• [Your objective]:
An exact transcription of all the data is required; the pictures are to be left out.
Data in this exercise Start Marker
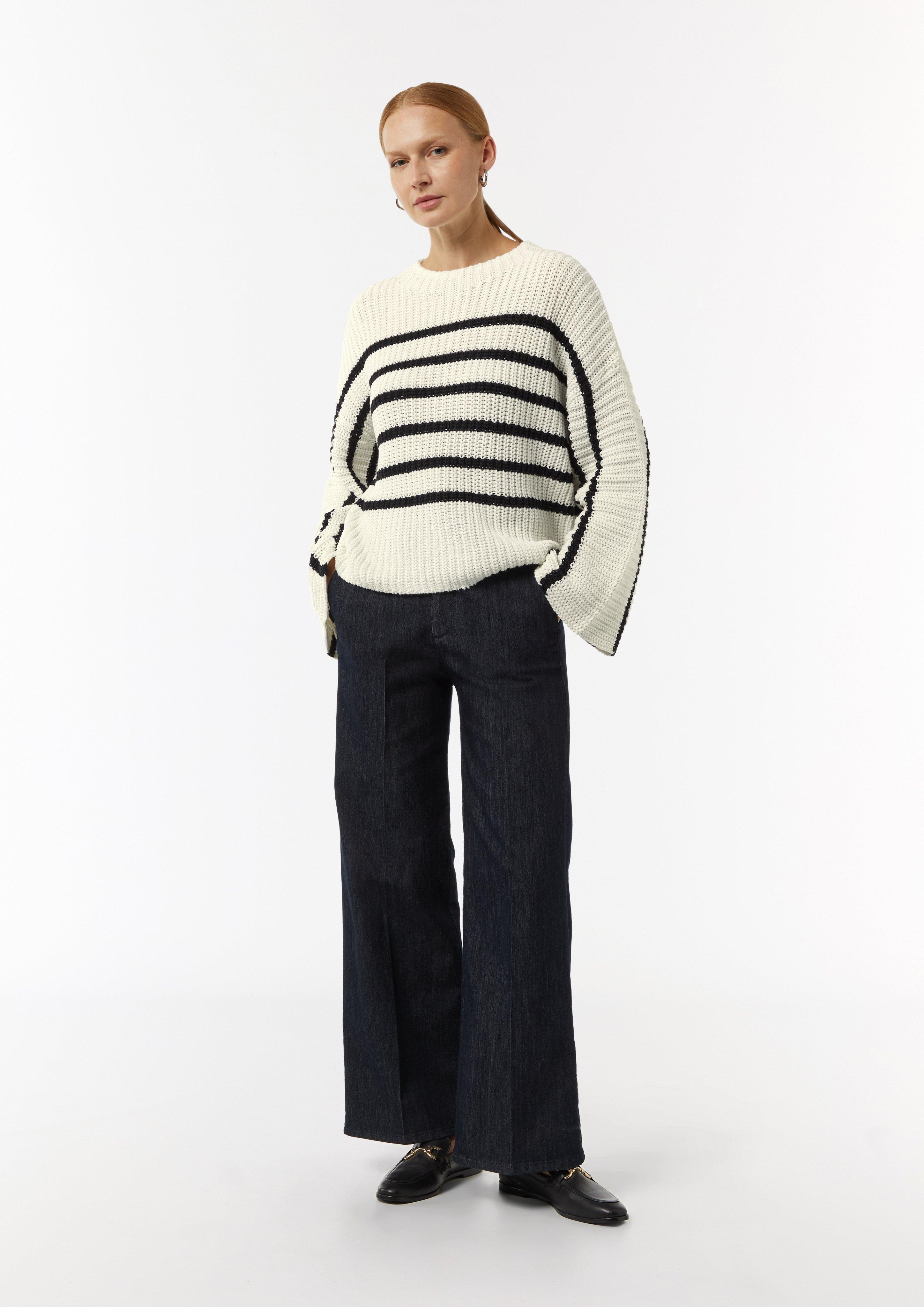 Gestreifter Strickpullover mit Trompeten-Ärmeln - weiß
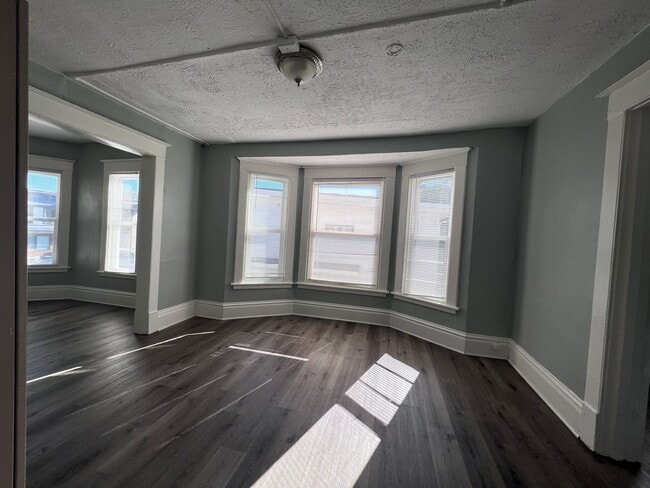 Building Photo - Bright Upper Two Bedroom Unit! Recently Remodeled!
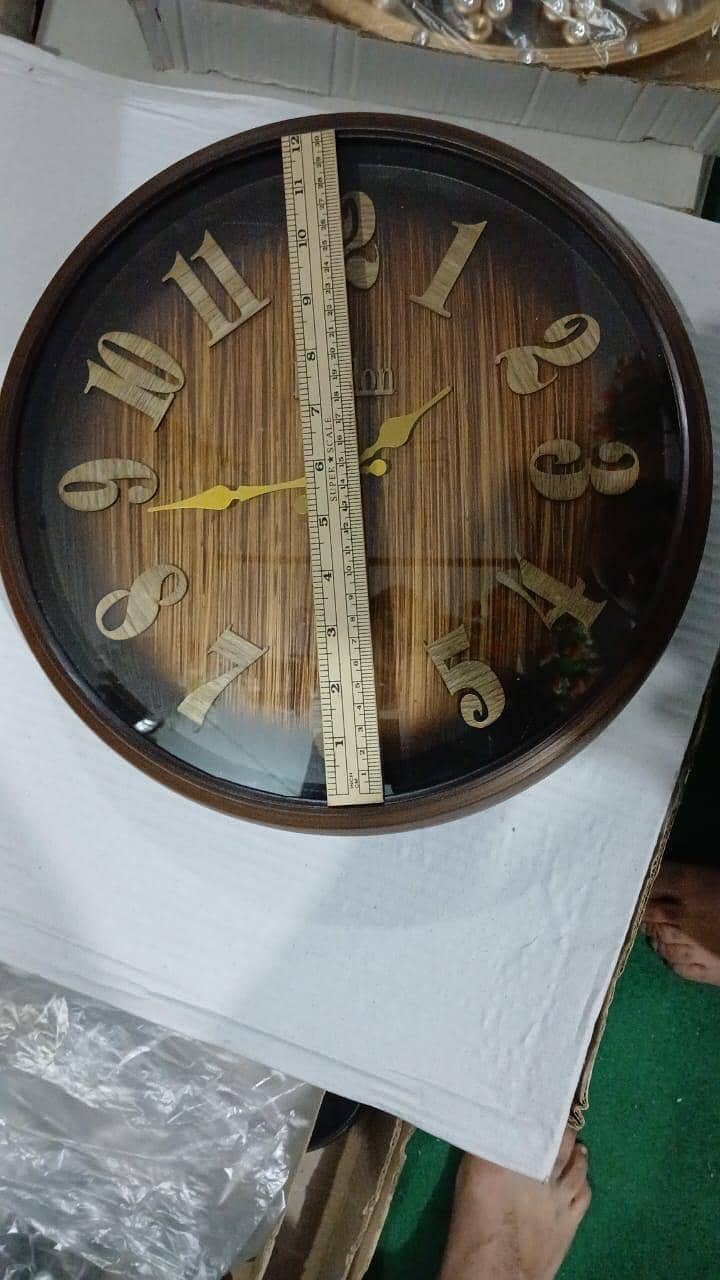 Wall clock 1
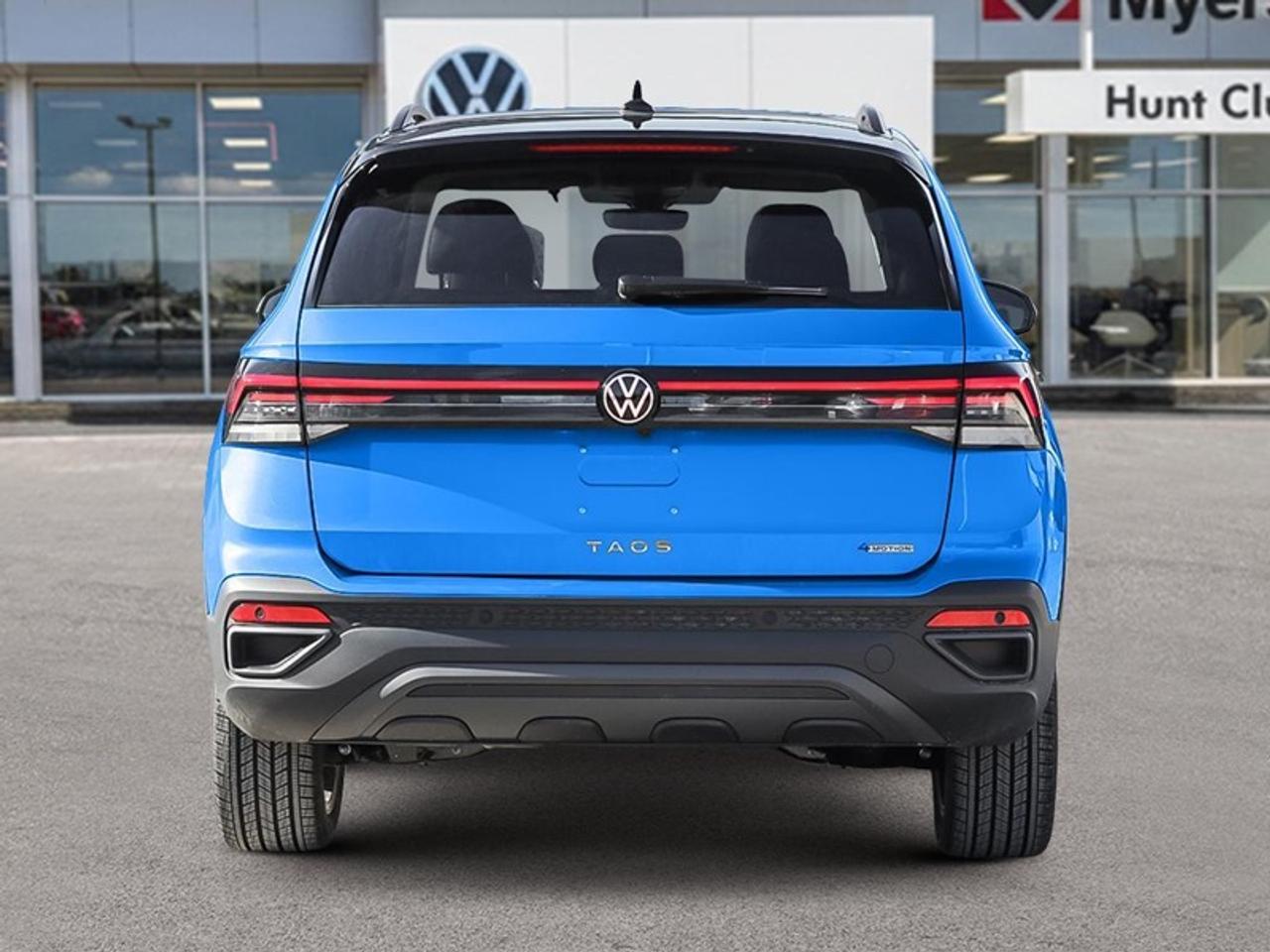 2026 Volkswagen Taos Comfortline Black Edition Photo4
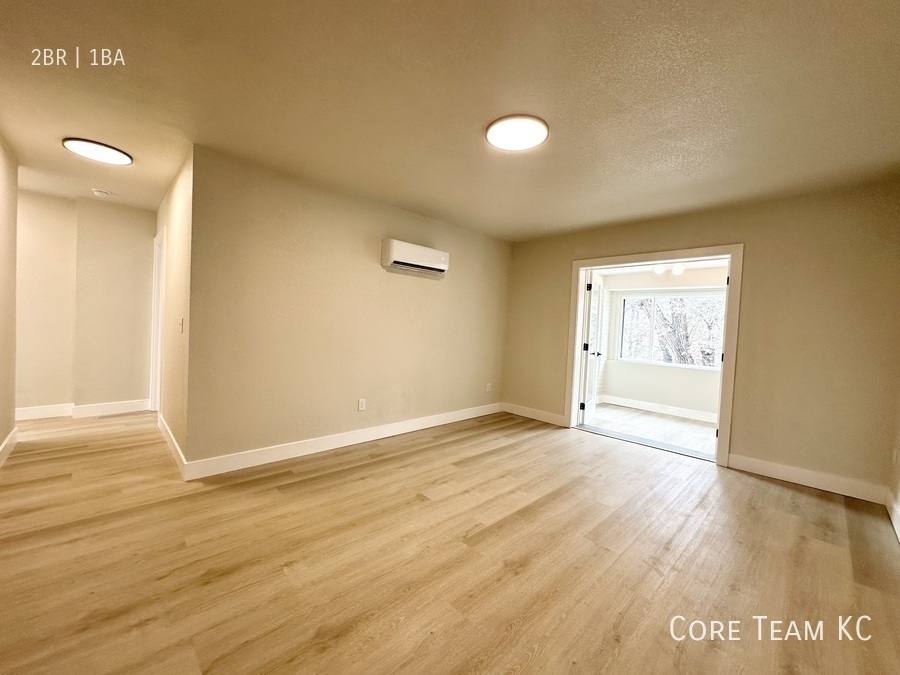 Apartment for rent at 4337 Mercier St #2N, Kansas City, MO 64111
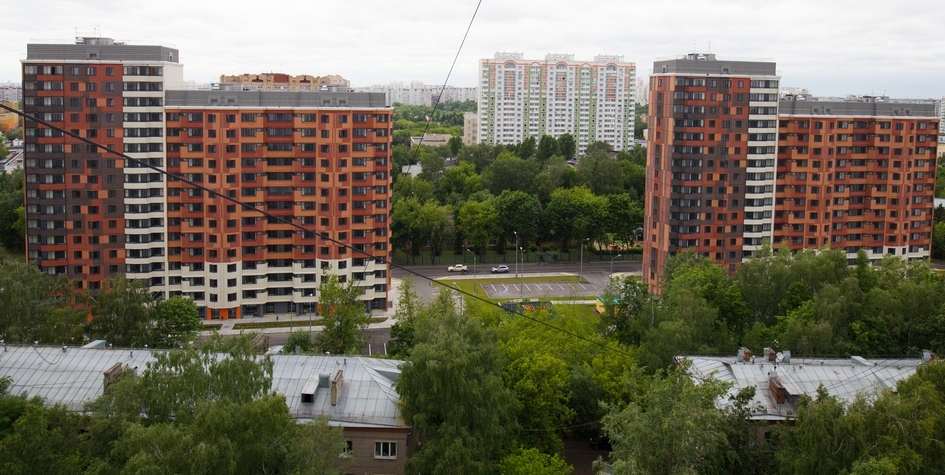 Новые многоквартирные дома на улице Летчика Бабушкина, которые построены в рамках программы реновации жилищного фонда столицы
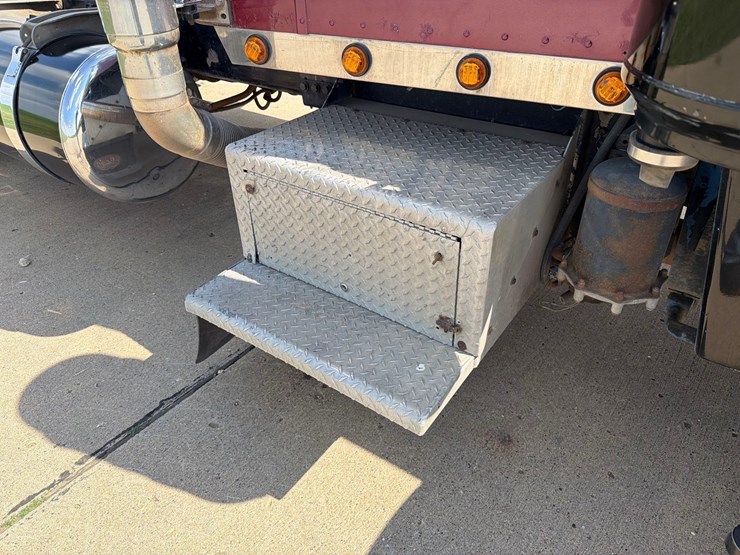 1981-peterbilt-359-image-13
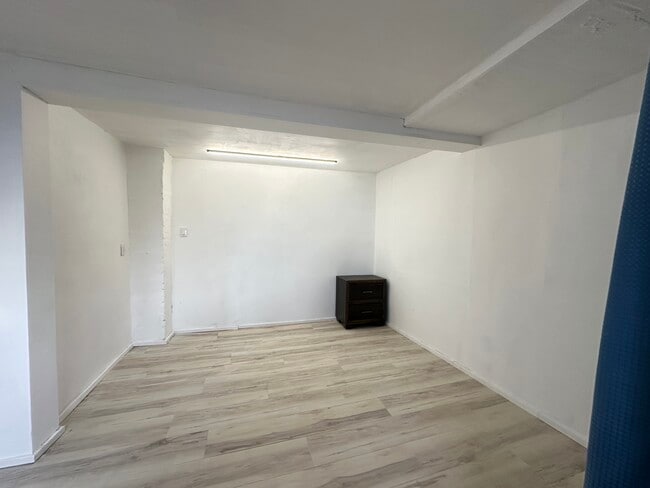 Building Photo - 2 Narragansett Ave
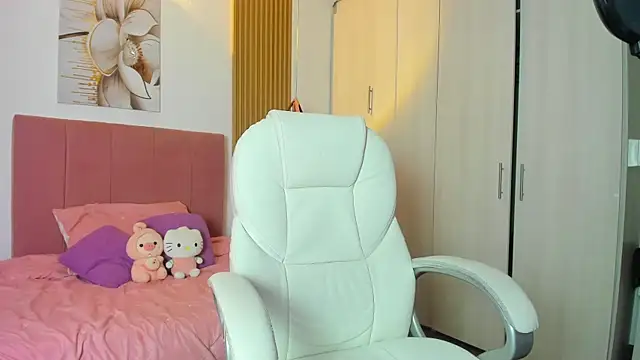 Snapshot of KoraRousee chatting on September 15, 2025, 1:00 pm KoraRousee online show from September 15, 2025, 1:00 pm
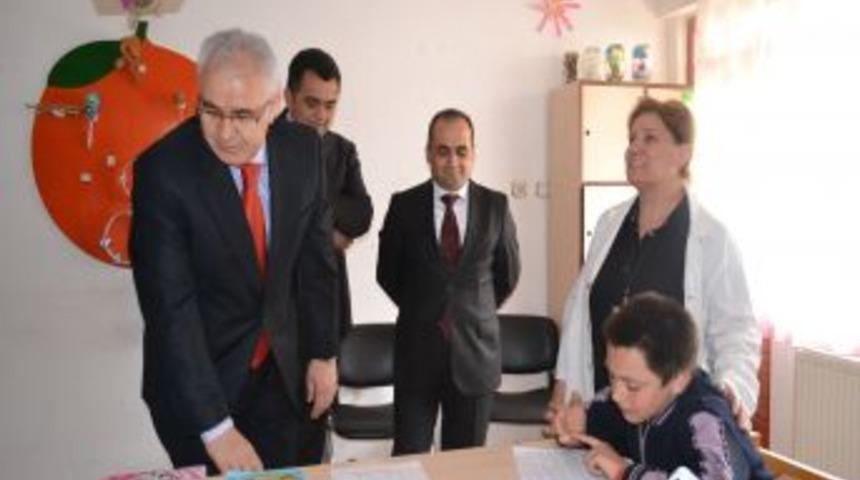 Vali &Ccedil;akır, İskilip'te rehabilitasyon merkezini ziyaret etti
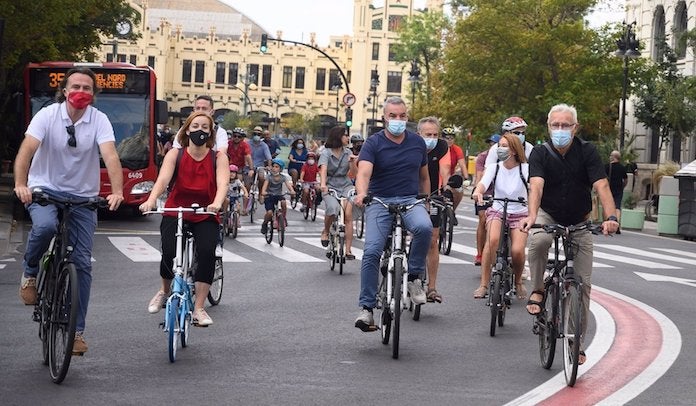 L'alcalde de València, Joan Ribó, arriba en bicicleta a la plaça de l'Ajuntament aquest diumenge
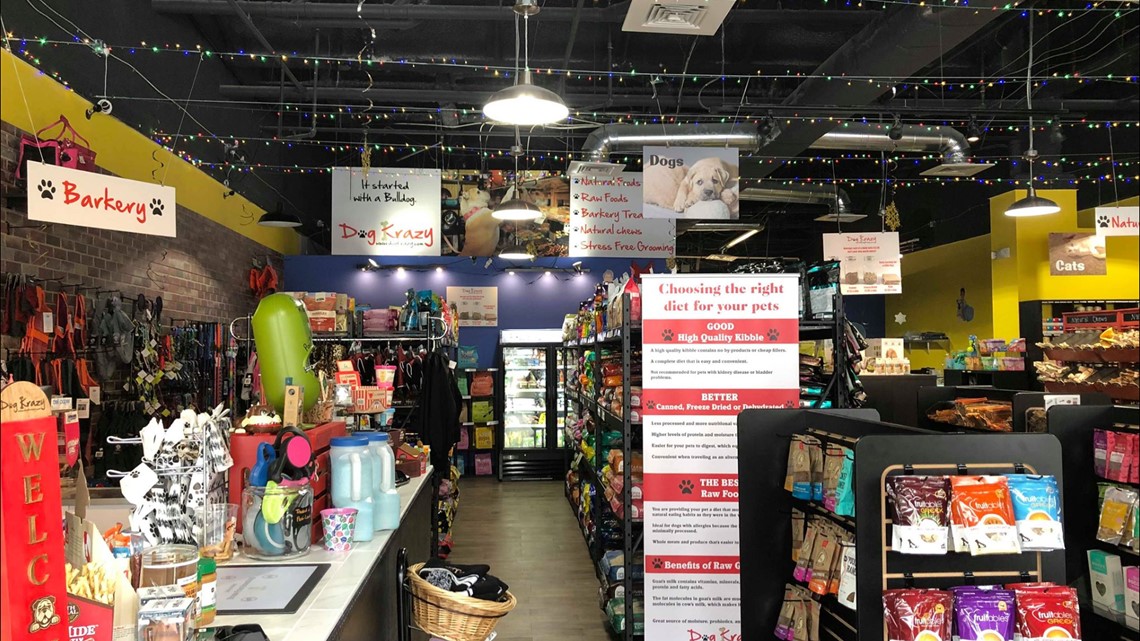 Virginia pet shop worker gifted a store by owners - Vimarsana News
Data in this exercise End Marker
• [Result of the exercise]:
 Gestreifter Strickpullover mit Trompeten-Ärmeln - weiß
 Building Photo - Bright Upper Two Bedroom Unit! Recently Remodeled!
 Wall clock 1
 2026 Volkswagen Taos Comfortline Black Edition Photo4
 Apartment for rent at 4337 Mercier St #2N, Kansas City, MO 64111
 Новые многоквартирные дома на улице Летчика Бабушкина, которые построены в рамках программы реновации жилищного фонда столицы
 1981-peterbilt-359-image-13
 Building Photo - 2 Narragansett Ave
 Snapshot of KoraRousee chatting on September 15, 2025, 1:00 pm KoraRousee online show from September 15, 2025, 1:00 pm
 Vali &Ccedil;akır, İskilip'te rehabilitasyon merkezini ziyaret etti
 L'alcalde de València, Joan Ribó, arriba en bicicleta a la plaça de l'Ajuntament aquest diumenge
 Virginia pet shop worker gifted a store by owners - Vimarsana News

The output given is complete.